3. Discrimination involves unlawful motive.
4. There need be no unlawful motive for a finding of interference.

msha-logoSection 105(c) of the Mine Act provides this: “No person shall discharge or in any manner discriminate against … or otherwise interfere with the exercise of the statutory rights of any miner … because such miner … has filed or made a complaint under or related to this chapter, including a complaint notifying the operator … or the representative of miners … of an alleged danger or safety or health violation … or because of the exercise by such miner … of any statutory right …”

A case that analyzes the differences between discrimination and interference began in July 2011, when two coal miners, Mark Franks and Ronald Hoy, complained to their union safety representative that a “fireboss” was not properly completing belt safety examinations.

Shortly afterward, MSHA investigated an anonymous complaint and asked who the fireboss was. Franks and Hoy declined to provide information but said their safety committeeman knew. MSHA found no fireboss violations.

The mine operator investigated and repeatedly questioned Franks and Hoy. They persisted in refusing to name the fireboss, saying they already told their safety committeeman. They were suspended for seven days for refusing to cooperate with the company’s investigation.

Franks and Hoy filed complaints of discrimination with the Mine Safety & Health Administration (MSHA). After investigating, MSHA concluded the facts did not constitute discrimination.

The United Mine Workers of America filed complaints of discrimination with the Federal Mine Safety and Health Review Commission on their behalf. The trial judge held that Franks and Hoy were subjected to unlawful discrimination. The judge ordered back pay and directed the company to post notices to inform all miners. Penalties of $40,000 were assessed.

After reviewing the judge’s decision, a commission majority found for Franks and Hoy. However, there were three opinions. Commissioners Robert F. Cohen and Michael G. Young agreed with the judge that there had been discrimination. Commissioners Mary Lu Jordan and Patrick K. Nakamura found there had been interference with the exercise of miners’ rights. Commissioner William I. Althen dissented, concluding there was no violation.

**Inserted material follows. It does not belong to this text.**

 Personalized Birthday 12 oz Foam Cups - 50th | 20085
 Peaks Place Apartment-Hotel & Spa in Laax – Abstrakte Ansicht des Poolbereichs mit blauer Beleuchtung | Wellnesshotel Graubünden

The operator, Emerald Coal Resources, appealed. The U.S. Court of Appeals observed there was no majority consensus among the commissioners for why the judge’s decision should be upheld. The court therefore returned the case to the commission for a rationale that a majority of commissioners might adopt. The commissioners then sent the case back to the trial judge.

After further argument from the parties, the judge again ruled for Franks and Hoy and imposed the same remedial obligations and civil penalties on the company. However, in this second decision, the judge switched from a finding of “discrimination” to a finding of “interference.”


So, what lessons can be learned from this case? The judge’s award to Franks and Hoy considered more than the effect of events on the two complainants. In addition, the judge found that “Emerald’s need to investigate the 103(g) complaint was a legitimate and substantial justification for seeking to learn the identity of the firebosses from Franks and Hoy.”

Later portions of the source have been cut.